_Task objective_:
Your answer should be the records again, unchanged in wording and free of images.

Saved entries
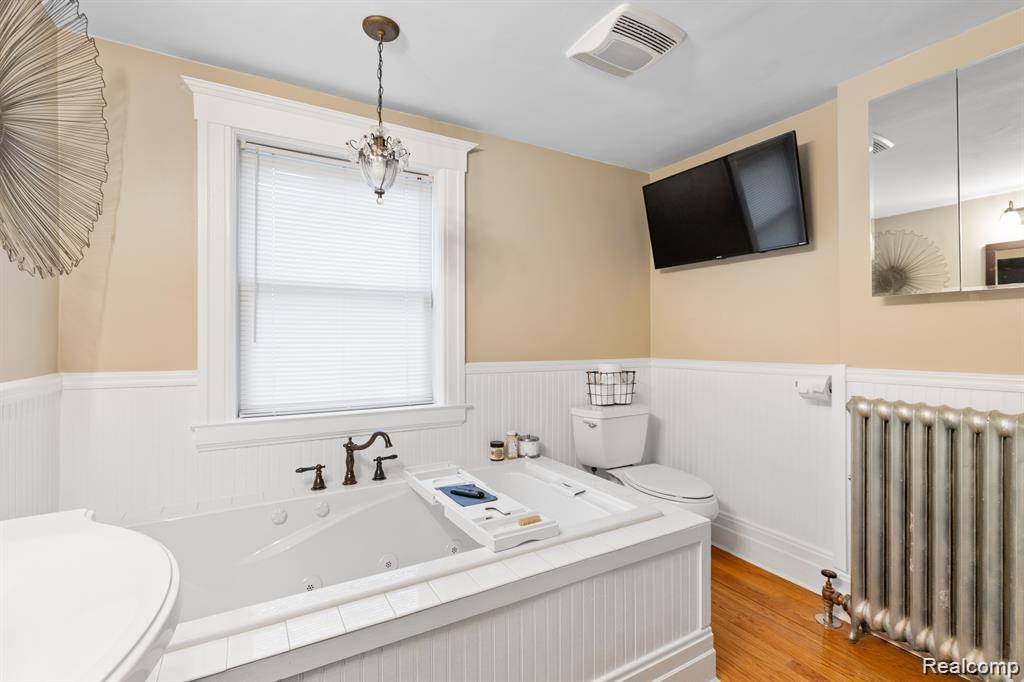 700 PRINCETON Road, Berkley, MI 48072 — Photo 17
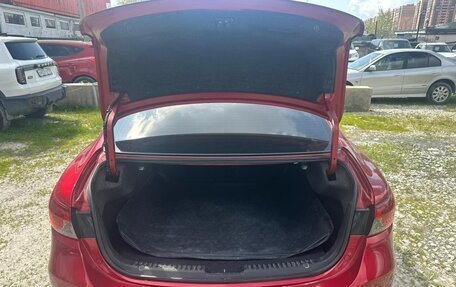 Mazda 6, 2013 год, 998 000 рублей, 5 фотография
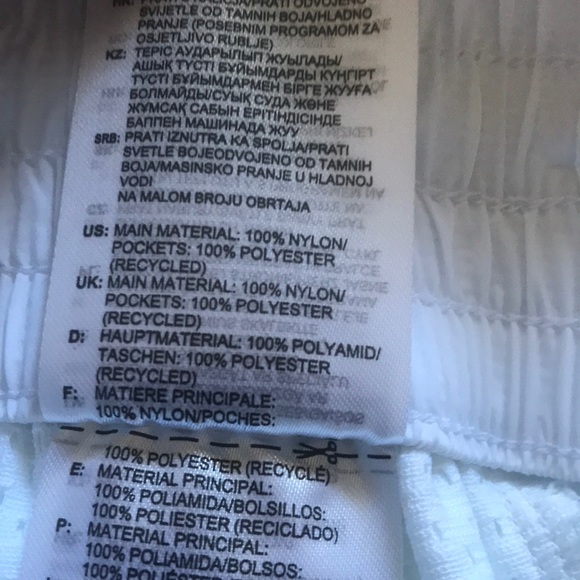 Adidas Athletic/Athleisure Multi-Sport Shorts NWT! - Picture 8 of 8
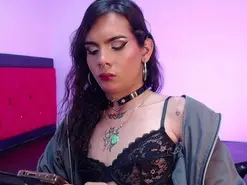 Amateur Adult Webcams of Lilith_Evanss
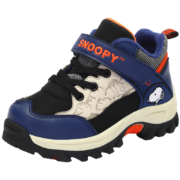 概率券：SNOOPY 史努比  冬季新款童鞋  棉鞋 26-40码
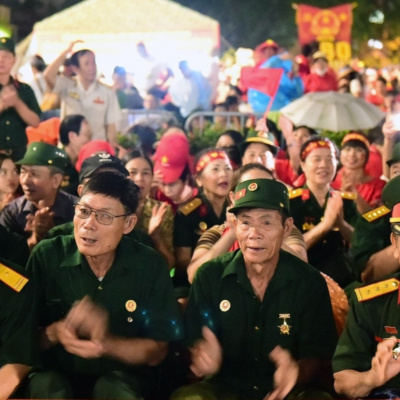 Vov - Chng Trinh Thi S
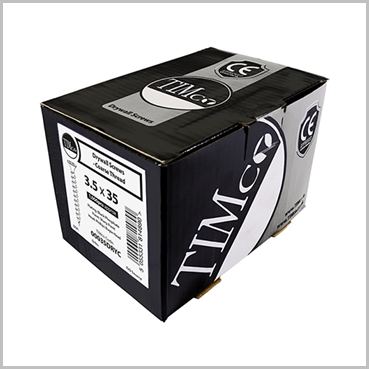 3.5 x 32mm Drywall Screws Course Thread Loose - Image 2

_Answer below_:
 700 PRINCETON Road, Berkley, MI 48072 — Photo 17
 Mazda 6, 2013 год, 998 000 рублей, 5 фотография
 Adidas Athletic/Athleisure Multi-Sport Shorts NWT! - Picture 8 of 8
 Amateur Adult Webcams of Lilith_Evanss
 概率券：SNOOPY 史努比  冬季新款童鞋  棉鞋 26-40码
 Vov - Chng Trinh Thi S
 3.5 x 32mm Drywall Screws Course Thread Loose - Image 2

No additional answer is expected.